Özellikle Merkez Bankası Kanununda yapılan değişiklikle Merkez Bankası bağımsızlığının sağlanması, Kamu Finansmanı ve Borç Yönetimi Kanunu, Kamu İhale Kanunu ve benzeri diğer kanunların çıkartılmasının; Türkiye Cumhuriyeti'nin ekonomik tarihindeki devrim niteliğindeki reformlar olduğu ve bunların hem kamu yönetiminde hem de maliye politikasında güçlü bir değişim yarattığı belirtilmektedir (Akçay ve Alper, 2003: 149). Kriz sonrasında gerçekleştirilen bu reformlar; makroekonomik istikrarı güçlendirirken tüketici ve yatırımcı güvenini artırarak ekonomik büyümeyi hızlandırmış, kurallı maliye politikasının ve mali disiplin uygulamalarının kurumsallaşmasını sağlamıştır (Sak ve Acar, 2007: 1).

Bütçede faiz dışı fazla vererek sağlanan mali disiplin, makroekonomik istikrarın oluşmasını sağlar. Oluşan makroekonomik istikrar, kamu gelirlerini artırırken artan kamu gelirleriyle daha fazla sosyal harcamalar gerçekleştirilebilir ve bu sayede gelir dağılımı adaletsizliği azaltılabilir. Ayrıca faiz dışı bütçe fazlası, bütçede kamu yatırım harcamaları

için kullanılabilecek kaynakların artmasını sağlar ve ekonomik büyümeye dolaylı olarak katkıda bulunur (Kantarcı ve Karacan, 2008: 145-146).

Faiz dışı fazla sayesinde kamu borç yükü ve faiz oranlarında sağlanan düşüşler, kamu sektörünün faiz ve özel sektörün kredi maliyetini azaltarak özel yatırımlar açısından fayda sağlar.
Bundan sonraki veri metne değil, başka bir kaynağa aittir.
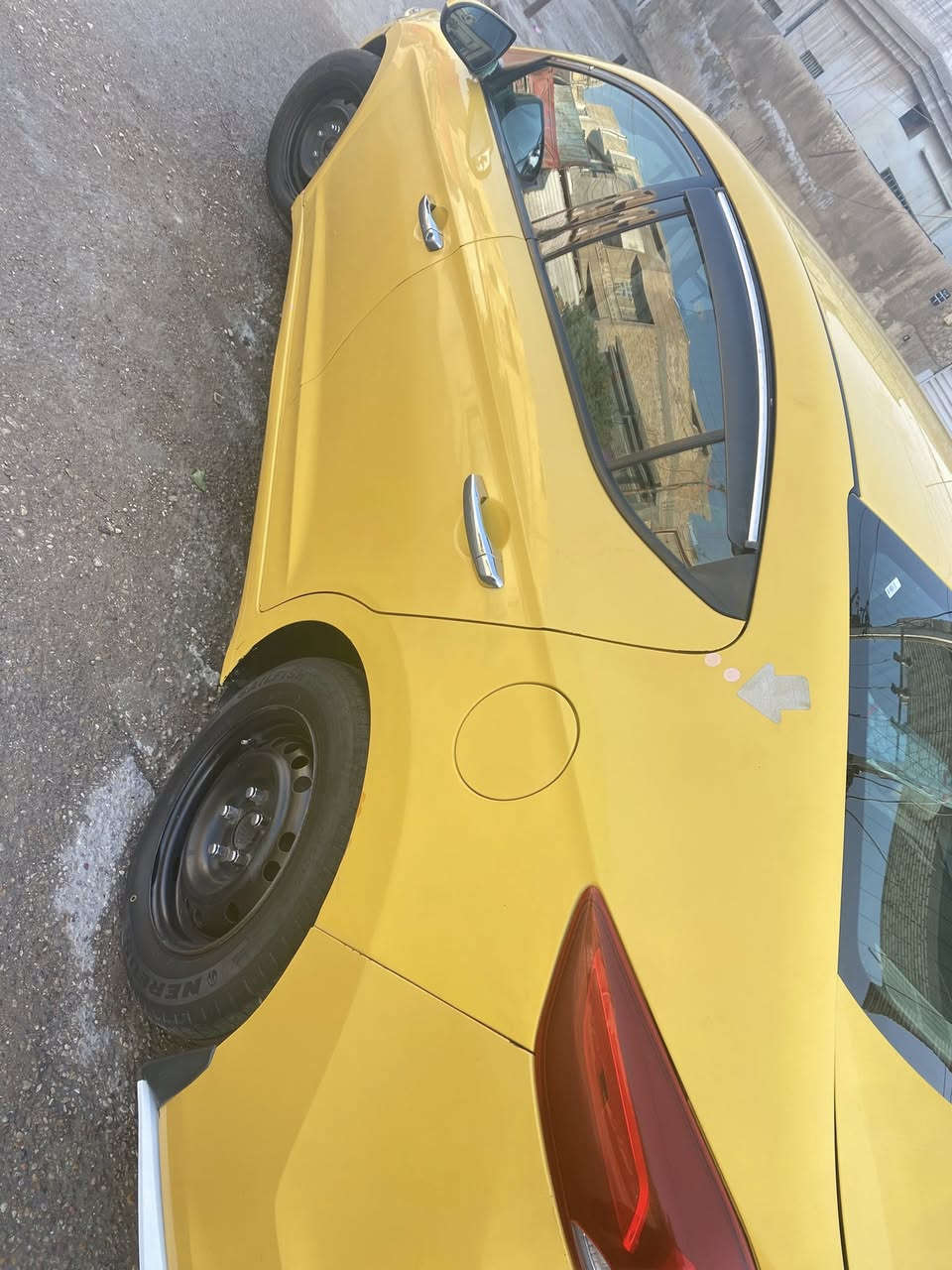 النترا 17 حادثهه جاملغ وبنيد معمر مكاني الشعب عارضهه ب118 بيهه مجال بسيط او مراوس حسب ***********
Ayrıca kamu sektörünün faiz maliyetinin azalması, kamu borçlanma ihtiyacını azaltacağı için kaynakların daha çoğunun özel sektör kullanımına kalmasını sağlar ve özel sektör üzerindeki “dışlama etkisi” azalır. Bu nedenle; faiz dışı bütçe fazlasını teşkil eden maliye politikası, ekonomik büyüme ve fiyat istikrarını sağlamada etkili olur (Akçay ve Alper, 2003: 164).

Faiz dışı bütçe fazlası hedefi; Türkiye’nin orta ve uzun vadeli ekonomik programlarında, bütçe dengesinin gözetilmesinde ve IMF ile yapılan Stand-by anlaşmalarında maliye politikasının temel çıpası olarak belirlenmiştir (Güneş, 2018b: 74).
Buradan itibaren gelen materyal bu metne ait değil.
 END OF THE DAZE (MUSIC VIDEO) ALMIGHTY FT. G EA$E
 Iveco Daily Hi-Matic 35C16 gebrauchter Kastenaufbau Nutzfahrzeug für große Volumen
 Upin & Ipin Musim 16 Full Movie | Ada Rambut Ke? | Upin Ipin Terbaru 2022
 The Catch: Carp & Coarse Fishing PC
Söz konusu durum Türkiye’nin 60. Ve 61. Hükümet Eylem Planında da belirtilmiş ve mali disiplinin sağlanmasında temel çıpanın; faiz dışı bütçe fazlası vermek olduğu vurgulanırken, makroekonomik istikrar ve ekonomik büyümenin sürdürülebilirliği için temelde faiz dışı bütçe fazlasına dayanan mali disiplinden taviz verilmeyeceği belirtilmiştir (Eylem Planı, 2008: 2).

Ancak unutulmamalıdır ki GEGP ile sağlanan mali disipline ve faiz dışı fazla hedefine çoğunlukla gelirlerin artırılmasıyla ulaşılmıştır. Programı uygulamada alınan tedbirlerin; %30’u harcama azaltıcı, %70’i ise gelir artırıcı tedbirlerden oluşmuştur. Ve gelir artırıcı tedbirlerin büyük çoğunluğu ise vergi gelirlerinin artırılmasıyla sağlanmıştır.

Yani harcamalardaki azalışlara dayanan ve mali disiplinin başarısını daha fazla artıran bir disiplin programı yerine; vergi gelirlerindeki artışlara dayanan bir disiplin programı tercih edilmiştir. Bu nedenle, bütçede harcama azalışını mümkün kılan ve bütçe gelir-gider dengesini kalıcı olarak düzelten yapısal tedbirler alınmamıştır (Sak, 2007: 10-12).